Task →
Find the line with "Sitting/Dining Room". Transcribe it and each later line of the data exactly, up to and including the last.

Exercise data →
# # #
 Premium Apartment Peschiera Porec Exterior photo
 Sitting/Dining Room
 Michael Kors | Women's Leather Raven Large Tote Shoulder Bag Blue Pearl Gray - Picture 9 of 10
# # #
Answer space →
 Sitting/Dining Room
 Michael Kors | Women's Leather Raven Large Tote Shoulder Bag Blue Pearl Gray - Picture 9 of 10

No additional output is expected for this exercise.